This code will print out all of the documents from the search query, assigning a number to each document starting with zero:

Screenshot of a UNIX terminal running a Python script that iterates Elasticsearch documents in a list

Get all of the fields from the Elasticsearch documents

Before we iterate through the documents, we need to create an empty dictionary object that will be used to store the Elasticsearch "_source" data’s field types.

Declare an empty dictionary for the Elasticsearch document fields

A key will be created for all of the document’s fields with every iteration through the list.:

fields = {}
for num, doc in enumerate(elastic_docs):
        pass
    # do stuff here!

Create aggregations of the Elasticsearch document "_source" data using NumPy arrays

Next, we’ll create a variable that we’ll use to store all of the key-value pairs inside the doc["_source"] dictionary object. Be sure to indent this code because it is running inside enumerate():

    # get source data from document
    source_data = doc["_source"]

In the next code snippet, we’ll be putting Elasticsearch documents into NumPy arrays. Remember that doc["_source"] is a dictionary, so you’ll need to iterate over it using the item() method (for Python 2.x, use iteritems() instead). Be sure to use a try-except block when you attempt to append the data to a numpy.ndarray object. In the case of a KeyError, you can have the code create a new object with the values instead of appending to an existing object:

    # iterate source data (use iteritems() for Python 2)
    for key, val in source_data.items():
        try:
            fields[key] = np.append(fields[key], val)
        except KeyError:
            fields[key] = np.array([val])

If you ran the script at this point, each of the fields would have their own NumPy ndarray object arrays, with each one containing all of the documents’ respective data.

Iterating over these NumPy arrays is simple. The following code iterates over the aggregated Elasticsearch _source data and displays each value in the form of a list:

for key, val in fields.items():
    print (key, "--->", val)
    print ("NumPy array len:", len(val), "\n")

This example is iterating over 10 documents returned from an Elasticsearch index search() query

Screenshot of Python iterating over a dictionary of NumPy arrays with _source data from an Elasticsearch index's documents

Create a Pandas DataFrame object from the NumPy object arrays

The Pandas library includes a structure called a DataFrame. This structure is a multidimensional object array that can be made up of Python dictionaries, Pandas Series objects, or even NumPy ndarray objects.

Create a Pandas DataFrame array from the Elasticsearch fields dictionary

Since all of the data has already been placed into different NumPy ndarray objects, which reside inside a dictionary, we can easily create a DataFrame object from that data. All we have to do is pass the dictionary into the DataFrame method and have it return the DataFrame object.
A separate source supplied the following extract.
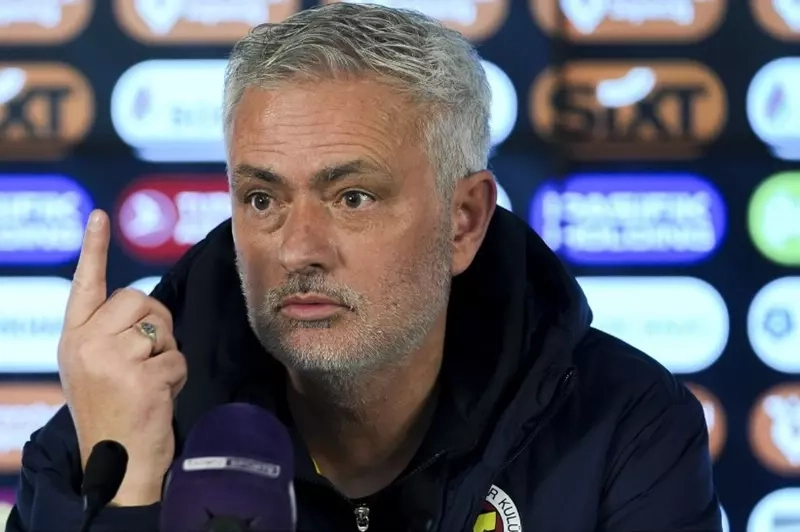 من بوابة ليدز.. مورينيو مرشح للعودة إلى الدوري الإنجليزي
You can see how this works in the example below:

# create a Pandas DataFrame array from the fields dict
elastic_df = pandas.DataFrame(fields)

print ('elastic_df:', type(elastic_df), "\n")
print (elastic_df) # print out the DF object's contents

WARNING: If the documents in your Elasticsearch index don’t have the same fields (i.e.: if the index’s "_mapping" is not strict), or the same number of fields, then you’ll probably encounter a ValueError('arrays must all be same length') exception. This occurs because Pandas requires all the array objects to be the same length when they’re being used to create a DataFrame object.

Pandas neatly prints out all of the rows and columns of Elasticsearch data stored in the DataFrame array object

Screenshot of Python printing out Elasticsearch data stored in a Pandas DataFrame object array

Convert the aggregated Elasticsearch data into a JSON string with the to_json() method in Pandas

One useful method, included in both the DataFrame and Series object in Pandas, is the to_json() method. This method will return the data stored in the Pandas objects as a JSON string:

# create a JSON string from the Pandas object
json_data = elastic_df.to_json()
print ("\nto_json() method:", json_data)

Verify that Pandas’ to_json() method creates a legitimate JSON string

You can use the json.loads() method inside a try-catch block to confirm that to_json actually created a JSON string:

# verify that the to_json() method made a JSON string
try:
    json.loads(json_data)
    print ("\njson_data is a valid JSON string")
except json.decoder.JSONDecodeError as err:
    print ("\njson.decoder.JSONDecodeError:", err)
    print ("json_data is NOT a valid JSON string")

Create Pandas Series object arrays out of Elasticsearch documents

Another way to import Elasticsearch data into Pandas is by creating a Pandas series object array out of an Elasticsearch document. To do this, simply iterate through the elastic_docs list again after creating another empty dictionary:

# create an empty dict for series arrays
elastic_series = {}

While iterating through the list, take each document’s _id and add a Pandas series object to the dictionary using the _id as the key:

# iterate the docs returned by API call
for num, doc in enumerate(elastic_docs):

    # get the _id for the doc
    _id = doc["_id"]

    # get source data from document
    source_data = doc["_source"]

    # make a Pandas Series object for the doc using _id as key
    elastic_series[_id] = pandas.Series()

Next, we iterate through the document dictionary object and put the values into our newly created Series object, which has the unique Elasticsearch "_id" as its key:

    # make a Pandas Series object for the doc using _id as key
    elastic_series[_id] = pandas.Series()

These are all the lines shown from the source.